My first impression of
A Pattern Language
was that it reminded me of Charlie’s booklet a bit, except that there were long, interesting captions to accompany the photographs, as well as an overarching theory. Like the pictures in Charlie’s book, Alexander’s were strongly evocative of the experience of place: One showed a casement window flung open to embrace an early-morning street scene that reminded me of Paris readying to greet the workday; another, a trellis of bean vines that filigreed the sunlight coming through the window of a shack. There were big pine-plank tables in farmhouse kitchens you wanted to pull a chair up to, and front porches that seemed to say, here’s a sweet place to watch the world go by.

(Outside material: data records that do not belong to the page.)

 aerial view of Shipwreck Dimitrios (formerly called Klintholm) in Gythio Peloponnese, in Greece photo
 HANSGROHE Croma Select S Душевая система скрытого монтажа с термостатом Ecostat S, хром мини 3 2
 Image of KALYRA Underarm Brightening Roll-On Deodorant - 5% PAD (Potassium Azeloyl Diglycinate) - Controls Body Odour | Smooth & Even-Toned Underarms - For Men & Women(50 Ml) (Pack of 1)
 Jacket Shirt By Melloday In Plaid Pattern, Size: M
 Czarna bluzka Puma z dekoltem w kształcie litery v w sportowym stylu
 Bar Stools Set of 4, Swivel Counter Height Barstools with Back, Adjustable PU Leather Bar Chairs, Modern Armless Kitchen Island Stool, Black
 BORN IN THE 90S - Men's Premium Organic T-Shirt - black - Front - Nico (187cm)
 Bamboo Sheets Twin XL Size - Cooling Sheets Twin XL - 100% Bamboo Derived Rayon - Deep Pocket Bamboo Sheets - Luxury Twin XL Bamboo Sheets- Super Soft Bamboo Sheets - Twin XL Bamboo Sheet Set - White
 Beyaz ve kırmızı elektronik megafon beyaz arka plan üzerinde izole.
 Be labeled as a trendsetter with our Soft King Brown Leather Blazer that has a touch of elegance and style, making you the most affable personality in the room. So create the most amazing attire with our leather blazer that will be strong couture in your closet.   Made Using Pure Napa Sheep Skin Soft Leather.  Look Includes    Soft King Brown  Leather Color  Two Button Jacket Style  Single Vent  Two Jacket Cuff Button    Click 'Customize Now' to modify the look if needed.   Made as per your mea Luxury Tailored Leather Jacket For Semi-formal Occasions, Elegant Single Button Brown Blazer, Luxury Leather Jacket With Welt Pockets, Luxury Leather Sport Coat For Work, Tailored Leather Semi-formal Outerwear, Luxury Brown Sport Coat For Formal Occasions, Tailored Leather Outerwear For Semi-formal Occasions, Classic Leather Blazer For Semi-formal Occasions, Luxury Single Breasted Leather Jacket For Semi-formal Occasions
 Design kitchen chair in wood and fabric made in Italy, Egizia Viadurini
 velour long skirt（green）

The images were well chosen and immediately appealing, yet the text made clear that there was something more here than a collection of nice places. We were told, in fact, that the “patterns” depicted in these images revealed profound truths about the world and human nature. Indeed, Alexander states that the discovery of any one of these patterns—of something like “light on two sides of every room” or “entrance transition”—is “as hard as anything in theoretical physics.” In a strange and wonderful way,
A Pattern Language
manages to combine a rich poetry of everyday life with the monomania of someone who believes he has found a key to the universe. I suspect Charlie had soaked up the former and skipped over the latter.